_Input data_
☆ ☆ ☆ ☆ ☆

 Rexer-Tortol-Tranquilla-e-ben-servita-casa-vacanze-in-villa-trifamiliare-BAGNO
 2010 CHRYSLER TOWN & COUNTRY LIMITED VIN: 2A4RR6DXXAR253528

☆ ☆ ☆ ☆ ☆

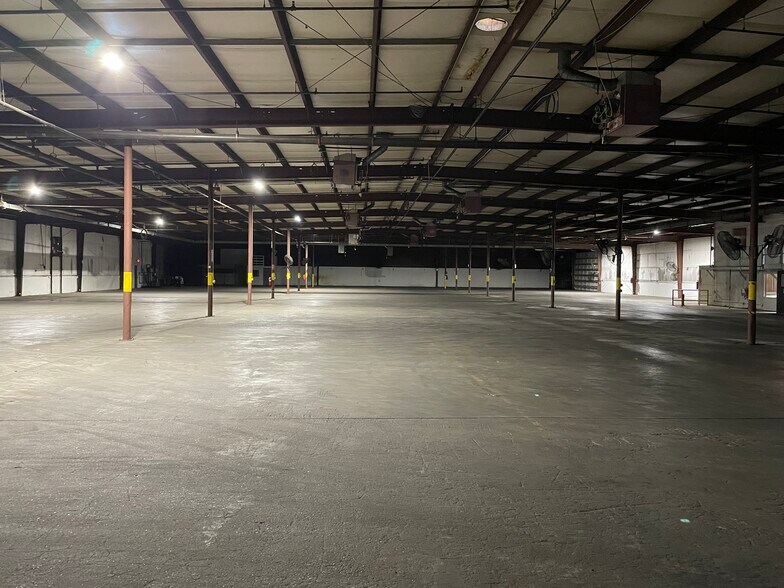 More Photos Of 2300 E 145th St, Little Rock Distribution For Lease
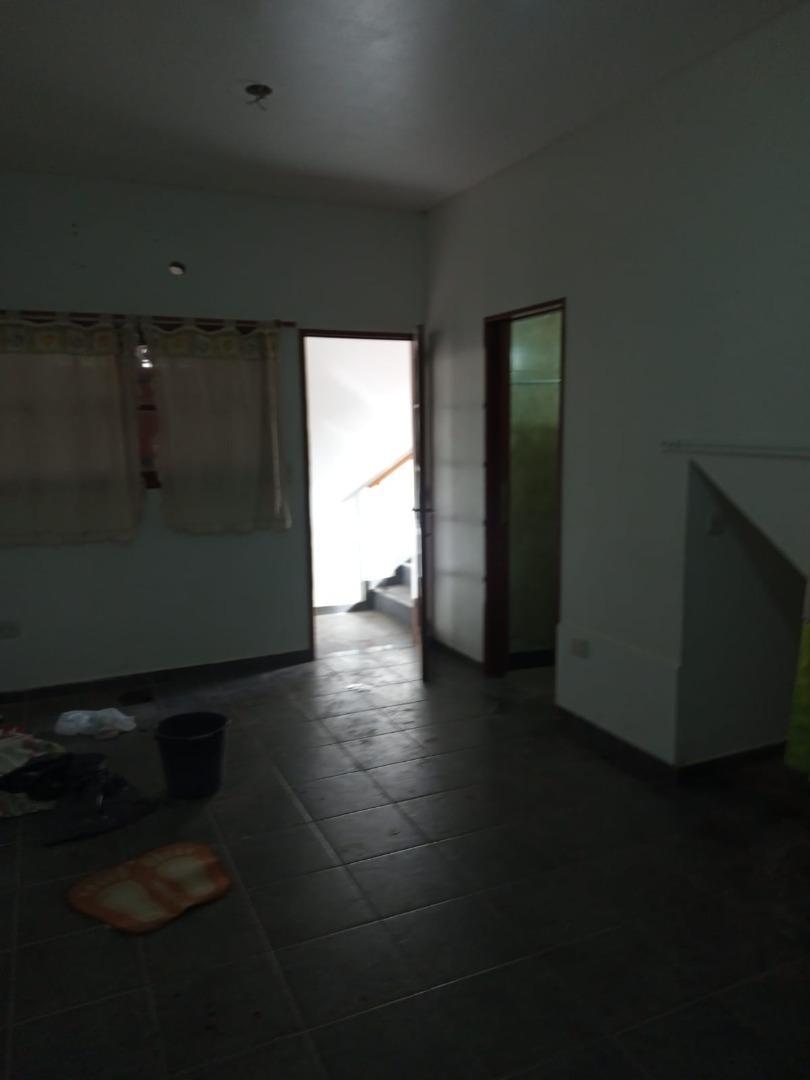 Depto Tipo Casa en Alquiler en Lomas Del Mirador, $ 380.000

☆ ☆ ☆ ☆ ☆

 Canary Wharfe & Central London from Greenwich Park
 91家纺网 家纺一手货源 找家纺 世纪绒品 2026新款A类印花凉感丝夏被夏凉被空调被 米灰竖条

☆ ☆ ☆ ☆ ☆

_Exercise goal_
Reproduce exactly the lines of the data above that run from the line with "More Photos Of" down to the line with "Depto Tipo Casa", both ends included. Pictures do not belong in the copy.

_Solution for this problem_
 More Photos Of 2300 E 145th St, Little Rock Distribution For Lease
 Depto Tipo Casa en Alquiler en Lomas Del Mirador, $ 380.000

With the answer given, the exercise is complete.